The system achieved a sorting accuracy of approximately \(98\%\) with a throughput of 2000 objects per hour at a conveyor speed of \(0.167 \, \text {m/s}\),as summarised in Table 1. These results validate the integration of barcode-based classification with omni wheels and PLC control, enabling high-speed, flexible, and precise sorting. Compared to conventional systems such as pusher or tilt-tray mechanisms constrained by rigid layouts19,20, omni wheels provided multidirectional flexibility, enhancing adaptability and reducing response times. Although Zaher et al.18 demonstrated similar accuracy using reinforcement learning, their approach required high computational resources and complex setups. In contrast, this study leverages deterministic PLC logic, offering simplicity, cost-effectiveness, and reliability suitable for industrial applications. The multidirectional mobility of the omni wheels, facilitated by rollers perpendicular to the primary axis, minimizes lateral forces and friction, ensuring smooth transitions and precise directional control. This low-friction movement reduces energy losses, enabling faster response times for object redirection. The ladder logic implemented in the Siemens S7-1200 PLC synchronizes input signals from sensors and barcode scanners, optimizing timing and reducing delays. The beam analysis confirmed the structural integrity of the system, with deflections well within the permitted limits (\(y_{\text {max}} = 0.00896 \, \text {mm}\)), ensuring stable performance under varying loads. The calculated roller speed of \(35.46 \, \text {RPM}\) met throughput requirements, demonstrating efficient power transmission and consistent material flow. Thus, this study addressed the gaps identified in previous research by combining barcode-based classification, omni wheels, and PLC-controlled logic into a unified system. The results highlight the system’s ability to achieve high-speed, accurate sorting with scalability and adaptability. Despite its advantages, the system has limitations that warrant further investigation. Future research should focus on real-world testing under dynamic environmental conditions, incorporating advanced sensors, load variability, and IoT-enabled monitoring to ensure robustness. Hybrid control strategies combining PLC logic with machine learning may further enhance the system’s adaptability and fault tolerance for large-scale industrial deployment.

Conclusion

This work demonstrates the development of a PLC-controlled omni wheel conveyor sorting system that integrates barcode-based classification with high-speed and precise sorting capabilities. The proposed system achieves a throughput of 2000 objects per hour with a sorting accuracy of \(98\%\), validated through simulations in Factory IO. Omni wheels enhanced flexibility and reduced energy losses, while deterministic ladder logic ensured synchronized and reliable operations. The beam analysis confirmed structural integrity and the roller speed calculations aligned with the demands of throughput. Compared to existing methods, the system offers a simpler and more cost-effective alternative suitable for industrial applications. Despite its advantages, limitations such as idealized simulation conditions and untested scalability highlight areas for future research. Addressing these challenges through IoT integration, dynamic adaptability, and hybrid control strategies could further enhance the system’s performance and applicability in diverse industrial settings.

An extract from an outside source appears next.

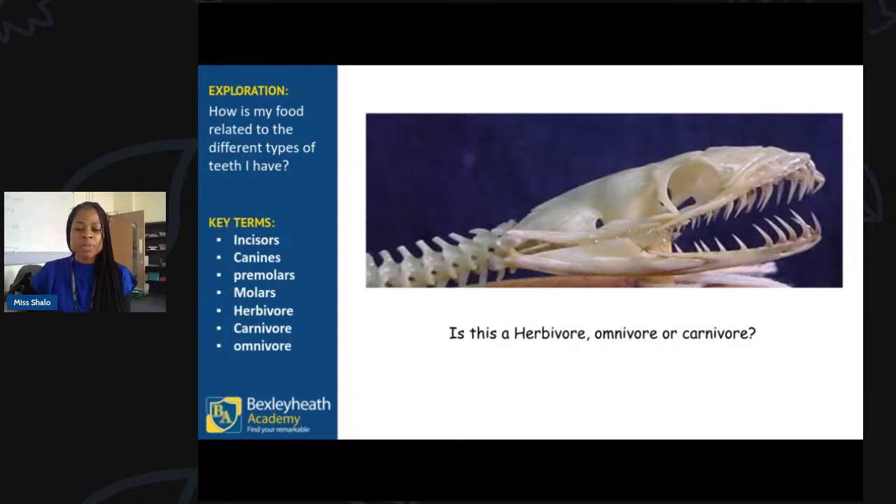Let's try the next one. Is this animal going to be a herbivore, omnivore, or carnivore? If you can name the animal, you'll be very impressive. Let's see what the animal is — yes, well done to those who said it was a snake. Very impressive! And it is a carnivore, so well done — really good answers.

This study provides a solid foundation for the advancement of automated sorting systems in the material handling industries. Although the present study is limited to virtual commissioning through Factory I/O simulations, future phases of the research will focus on identifying suitable industry partners for real-time implementation. The system will be deployed in select logistics or warehouse environments to evaluate its robustness under actual operating conditions, including variable loading, sensor response delays, and ambient disturbances. These real-world validations will help assess scalability and fine-tune control logic, further strengthening the system’s industrial readiness. As such, this work serves as a foundational step toward full-scale deployment and long-term adoption in the material handling sector.